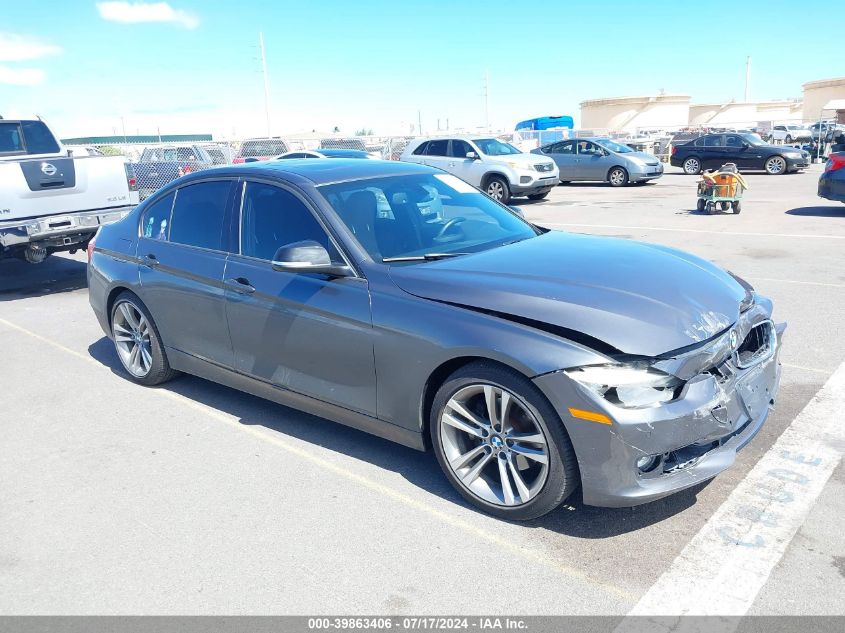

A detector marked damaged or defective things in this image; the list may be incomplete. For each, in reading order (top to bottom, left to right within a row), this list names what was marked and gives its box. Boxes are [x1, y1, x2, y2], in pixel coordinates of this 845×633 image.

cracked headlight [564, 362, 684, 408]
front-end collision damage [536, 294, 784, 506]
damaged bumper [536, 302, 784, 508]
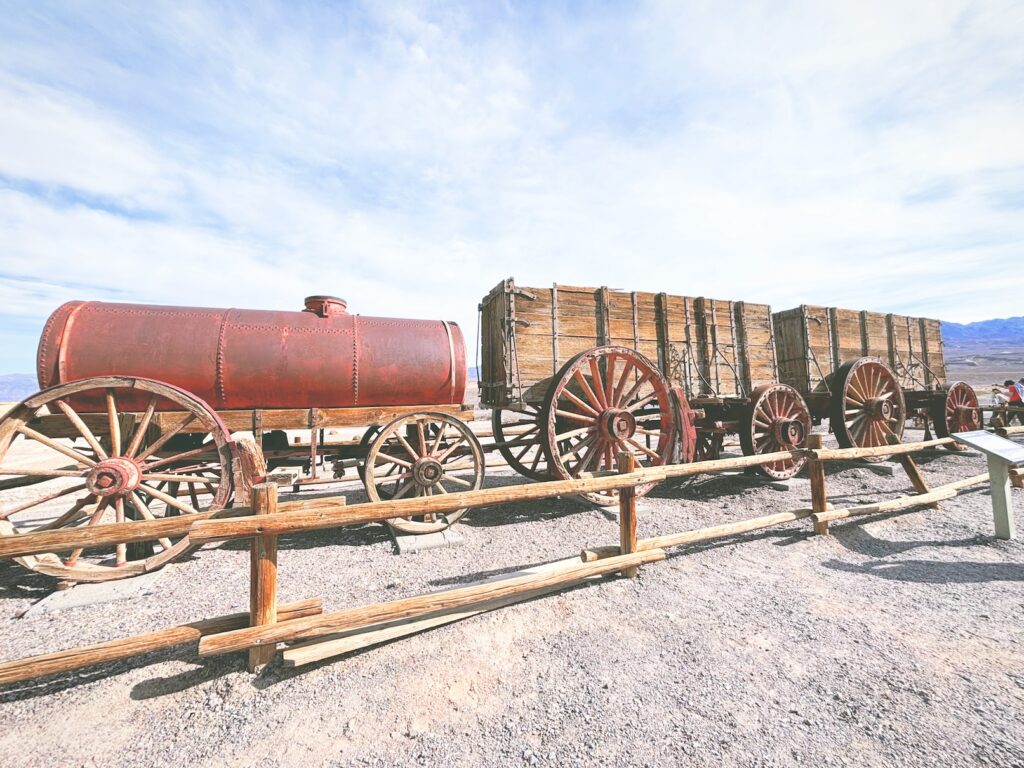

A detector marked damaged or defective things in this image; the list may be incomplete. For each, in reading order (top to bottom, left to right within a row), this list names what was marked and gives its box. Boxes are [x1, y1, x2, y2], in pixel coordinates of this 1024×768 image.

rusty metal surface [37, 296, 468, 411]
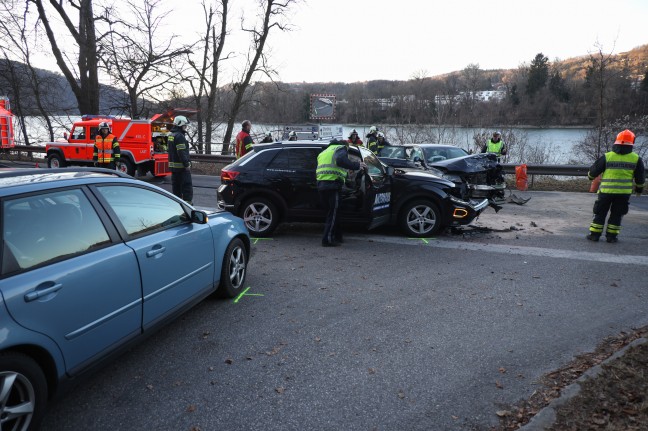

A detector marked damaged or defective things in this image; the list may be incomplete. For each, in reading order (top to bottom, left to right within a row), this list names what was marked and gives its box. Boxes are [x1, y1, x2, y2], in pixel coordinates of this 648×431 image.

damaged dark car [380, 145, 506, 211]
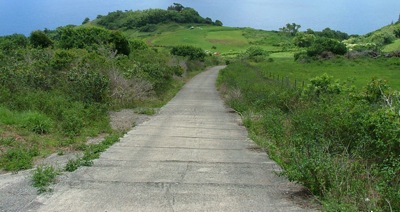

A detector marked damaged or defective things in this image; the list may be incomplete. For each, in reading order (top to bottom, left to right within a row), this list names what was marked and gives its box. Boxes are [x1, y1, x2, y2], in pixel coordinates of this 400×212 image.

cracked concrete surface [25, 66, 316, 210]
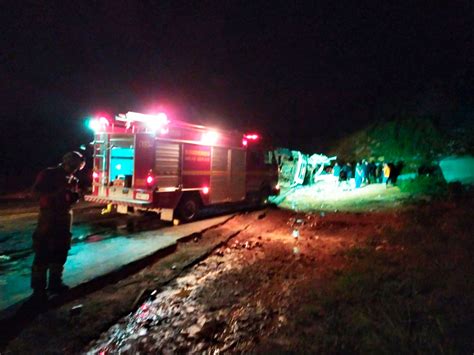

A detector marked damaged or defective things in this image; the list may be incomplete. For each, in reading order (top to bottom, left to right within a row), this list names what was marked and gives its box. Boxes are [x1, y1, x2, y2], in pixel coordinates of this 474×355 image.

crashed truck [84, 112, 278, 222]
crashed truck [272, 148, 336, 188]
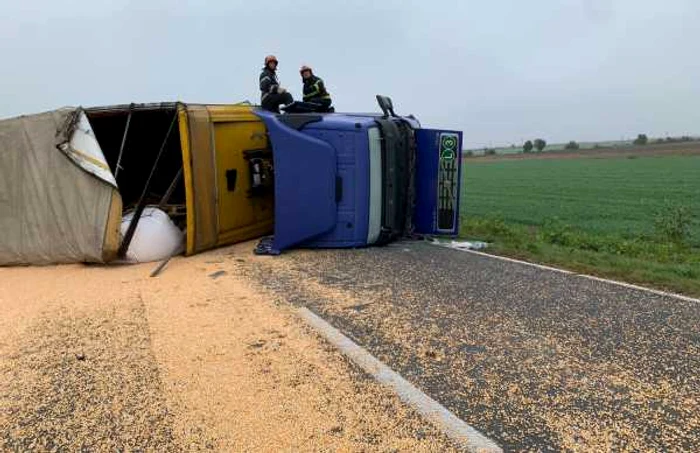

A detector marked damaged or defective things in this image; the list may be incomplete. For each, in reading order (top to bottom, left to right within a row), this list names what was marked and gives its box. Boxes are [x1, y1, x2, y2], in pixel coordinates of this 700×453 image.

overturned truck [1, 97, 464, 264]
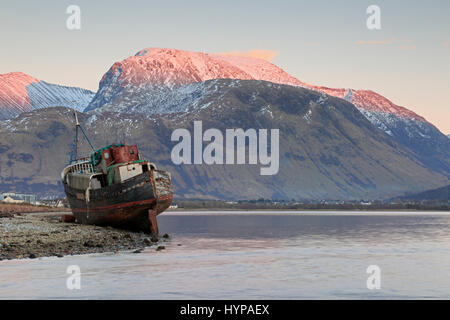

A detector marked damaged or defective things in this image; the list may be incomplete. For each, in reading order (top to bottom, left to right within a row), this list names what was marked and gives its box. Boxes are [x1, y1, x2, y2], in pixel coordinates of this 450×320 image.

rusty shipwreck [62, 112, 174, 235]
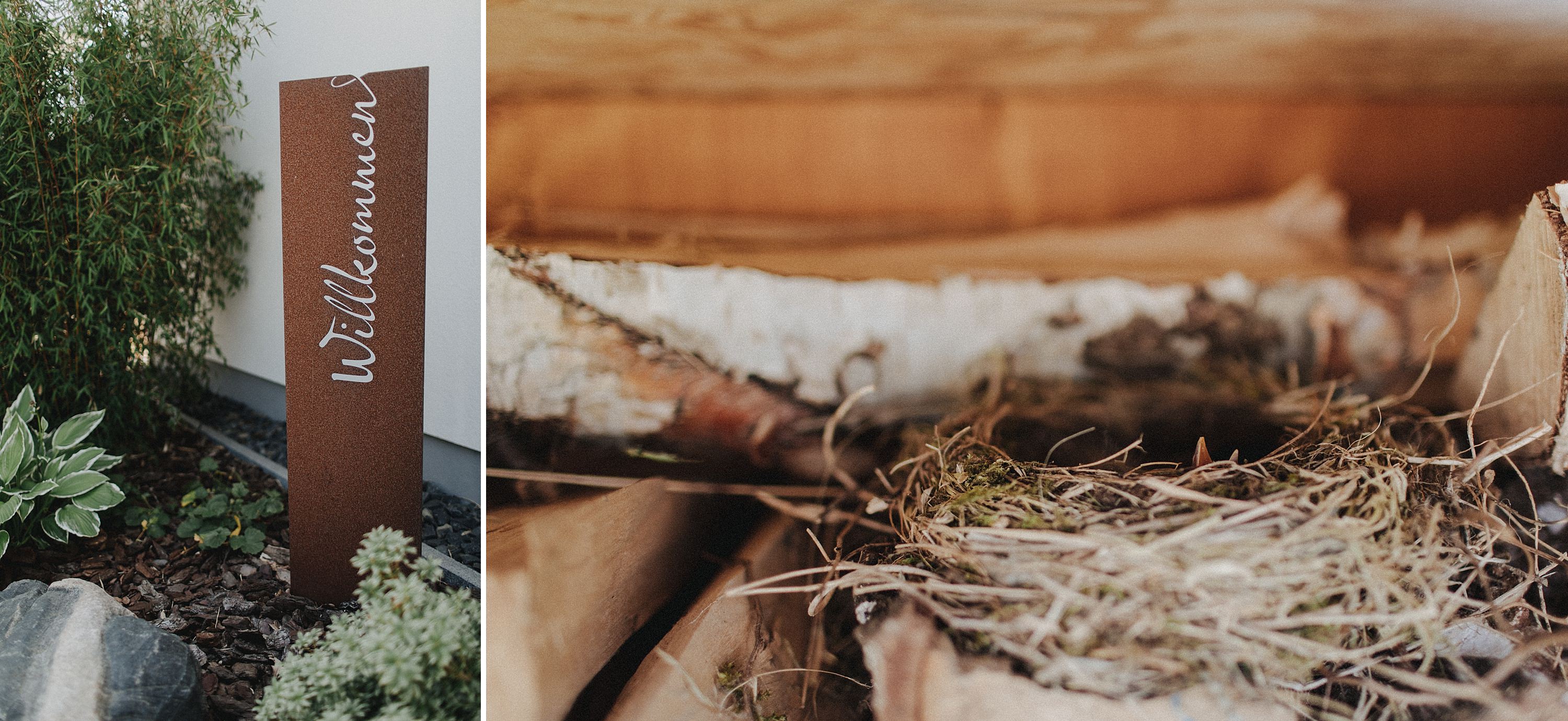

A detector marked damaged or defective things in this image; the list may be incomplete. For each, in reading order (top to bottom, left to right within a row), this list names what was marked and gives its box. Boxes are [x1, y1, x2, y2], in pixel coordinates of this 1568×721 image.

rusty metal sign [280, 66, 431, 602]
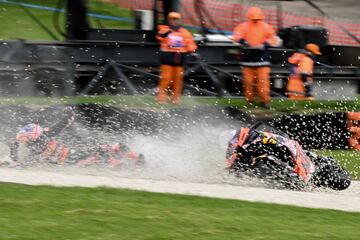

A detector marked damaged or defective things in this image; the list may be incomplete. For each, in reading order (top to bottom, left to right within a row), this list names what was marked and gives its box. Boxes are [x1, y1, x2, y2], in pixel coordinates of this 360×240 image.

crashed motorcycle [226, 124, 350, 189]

Task objective: Your copy should hold only the lines running from the one that contains "this 1568×721 image." through the final line of the data; transcribe them exactly, both ends included, and leave pictures out.

Exercise result:
A detector marked damaged or defective things in this image; the list may be incomplete. For each, in reading order (top to bottom, left to right within a row), this list names what was marked and gives its box. Boxes are [x1, y1, x2, y2], in pixel coordinates of this 1568×721 image.

rusty metal sign [280, 66, 431, 602]

A detector marked damaged or defective things in this image; the list may be incomplete. For each, in reading order (top to bottom, left to right within a row), this list names what was marked and gives its box. Boxes are [x1, y1, x2, y2], in pixel coordinates of this 360×240 image.

crashed motorcycle [226, 124, 350, 189]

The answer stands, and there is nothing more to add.